Article. Paul Caron has been looking at the economics of law school and thinking about how to reform legal edcuation. Here he focuses on the cost of legal education. Abstract:
Several
years ago, I co-wrote an article on applying the principles from
Michael Lewis’s Moneyball book to legal education. What Law Schools Can
Learn from Billy Beane and the Oakland Athletics, 82 Tex. L. Rev. 1483
(2004). The article asked what Billy Beane would do as the dean of a law
school to capitalize on the inefficiencies in legal education.
Perhaps
a better model for the crisis facing legal education today is Jimmy
McMillan, who ran for New York Governor in 2010 with the slogan “the
rent is too damn high.” Law school tuition is simply too damn high.
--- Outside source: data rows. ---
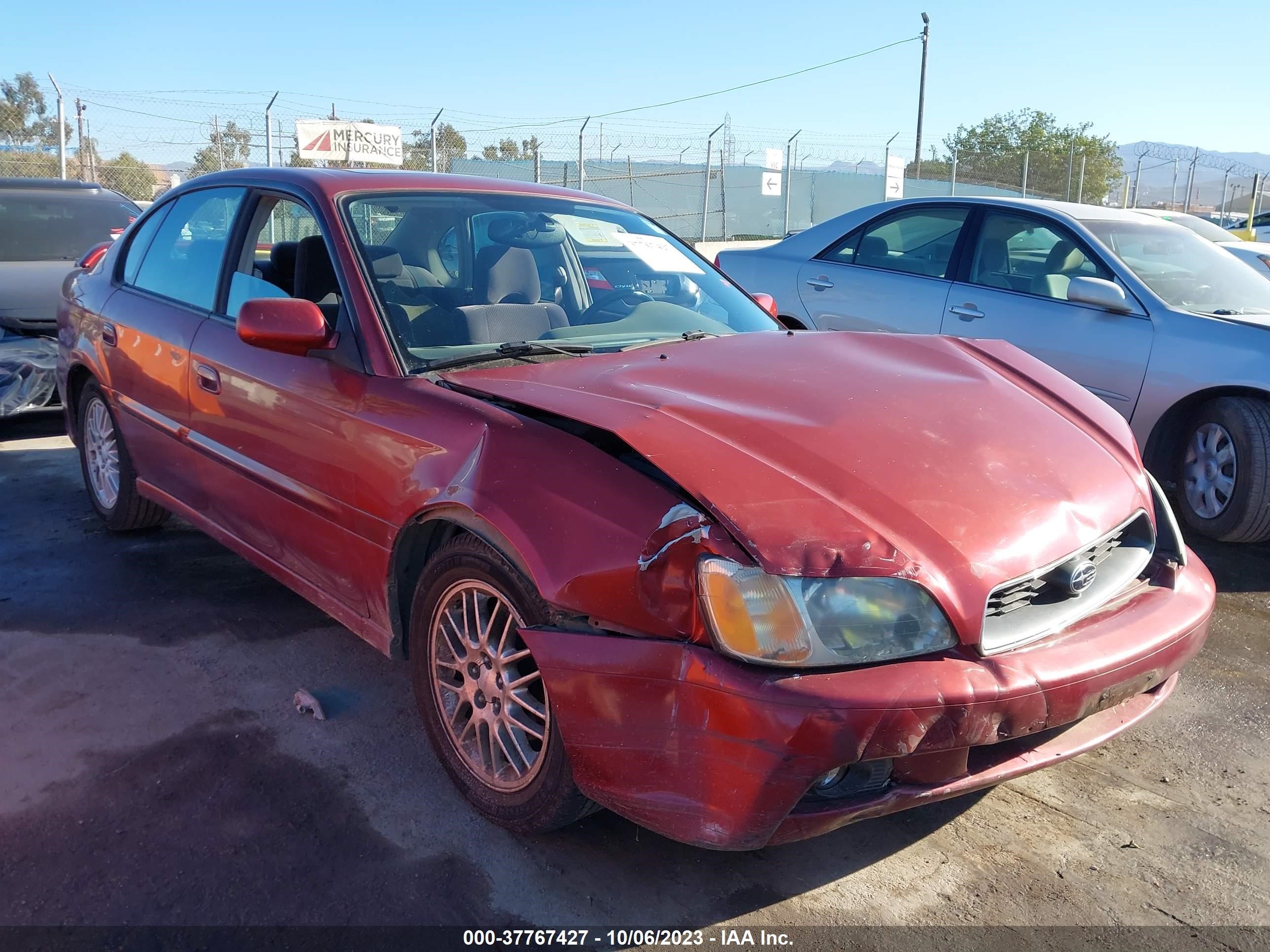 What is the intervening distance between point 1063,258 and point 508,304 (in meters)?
3.52

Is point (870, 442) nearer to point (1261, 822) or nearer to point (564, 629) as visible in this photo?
point (564, 629)

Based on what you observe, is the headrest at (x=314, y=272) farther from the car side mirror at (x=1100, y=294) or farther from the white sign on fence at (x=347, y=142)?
the white sign on fence at (x=347, y=142)

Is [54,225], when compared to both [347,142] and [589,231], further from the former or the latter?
[347,142]

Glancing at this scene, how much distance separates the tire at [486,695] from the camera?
234cm

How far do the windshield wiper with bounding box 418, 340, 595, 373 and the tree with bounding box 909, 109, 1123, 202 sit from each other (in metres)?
23.5

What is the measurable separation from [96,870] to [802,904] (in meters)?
1.64

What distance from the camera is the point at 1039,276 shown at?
545 centimetres

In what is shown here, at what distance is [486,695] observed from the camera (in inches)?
102

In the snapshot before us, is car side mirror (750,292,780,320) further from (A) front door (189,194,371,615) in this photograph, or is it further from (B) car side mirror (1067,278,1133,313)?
(B) car side mirror (1067,278,1133,313)

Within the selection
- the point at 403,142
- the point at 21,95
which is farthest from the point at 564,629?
the point at 21,95

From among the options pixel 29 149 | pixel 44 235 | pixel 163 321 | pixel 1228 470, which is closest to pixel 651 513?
pixel 163 321

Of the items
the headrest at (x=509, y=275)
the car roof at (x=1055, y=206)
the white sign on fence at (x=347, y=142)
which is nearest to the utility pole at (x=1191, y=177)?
the white sign on fence at (x=347, y=142)

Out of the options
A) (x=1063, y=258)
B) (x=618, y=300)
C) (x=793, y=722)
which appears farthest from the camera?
(x=1063, y=258)

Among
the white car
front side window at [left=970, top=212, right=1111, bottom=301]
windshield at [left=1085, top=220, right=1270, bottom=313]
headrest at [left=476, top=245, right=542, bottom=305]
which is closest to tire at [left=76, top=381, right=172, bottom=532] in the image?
headrest at [left=476, top=245, right=542, bottom=305] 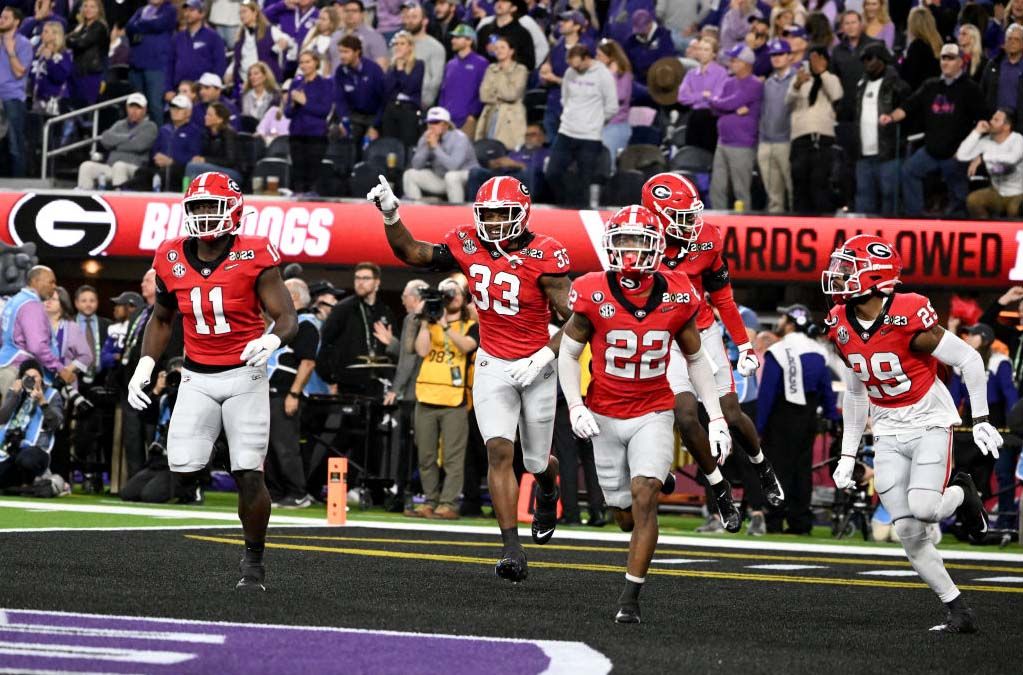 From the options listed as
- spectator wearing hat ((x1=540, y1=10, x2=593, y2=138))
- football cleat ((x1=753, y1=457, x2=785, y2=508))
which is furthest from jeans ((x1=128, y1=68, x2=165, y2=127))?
football cleat ((x1=753, y1=457, x2=785, y2=508))

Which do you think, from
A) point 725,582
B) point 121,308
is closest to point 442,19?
point 121,308

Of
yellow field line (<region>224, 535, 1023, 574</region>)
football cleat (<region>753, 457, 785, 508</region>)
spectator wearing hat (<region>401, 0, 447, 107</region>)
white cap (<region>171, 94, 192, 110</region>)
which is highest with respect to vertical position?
spectator wearing hat (<region>401, 0, 447, 107</region>)

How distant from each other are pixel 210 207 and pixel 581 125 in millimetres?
9545

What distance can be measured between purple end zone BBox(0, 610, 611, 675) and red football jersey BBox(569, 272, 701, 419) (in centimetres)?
172

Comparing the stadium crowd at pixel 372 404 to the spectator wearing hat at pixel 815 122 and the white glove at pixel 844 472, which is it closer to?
the spectator wearing hat at pixel 815 122

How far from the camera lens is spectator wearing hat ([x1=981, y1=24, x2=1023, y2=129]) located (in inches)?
662

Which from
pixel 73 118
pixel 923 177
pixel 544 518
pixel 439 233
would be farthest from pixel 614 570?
pixel 73 118

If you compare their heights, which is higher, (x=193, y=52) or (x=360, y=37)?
(x=360, y=37)

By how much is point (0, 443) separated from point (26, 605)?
8297 millimetres

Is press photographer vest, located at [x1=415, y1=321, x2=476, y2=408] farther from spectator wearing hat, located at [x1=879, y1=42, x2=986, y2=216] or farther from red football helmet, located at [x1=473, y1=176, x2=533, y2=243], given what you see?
spectator wearing hat, located at [x1=879, y1=42, x2=986, y2=216]

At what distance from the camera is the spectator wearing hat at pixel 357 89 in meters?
18.7

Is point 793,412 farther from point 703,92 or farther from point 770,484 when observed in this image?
point 703,92

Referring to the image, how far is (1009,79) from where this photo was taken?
55.4 feet

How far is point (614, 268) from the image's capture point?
841 cm
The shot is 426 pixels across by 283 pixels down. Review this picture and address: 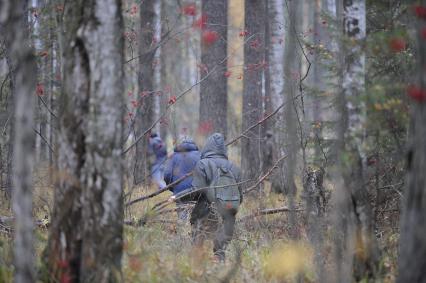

Administrators and faculty need to ruthlessly examine law school budgets
and cut areas that are not essential to the school’s mission. Law
school is twice as expensive as it was twenty years ago (in
inflation-adjusted dollars), yet no one would argue that legal education
is twice as good today.
Law schools need to take immediate
action to confront today’s crisis. The current model – convincing 45,000
people each year to assume six-figure debt loads to chase 20,000 legal
jobs (most of which do not pay enough to service the debt) – is simply
unsustainable. Market and political forces are gathering steam. Law
schools that embrace change will emerge stronger from the current storm.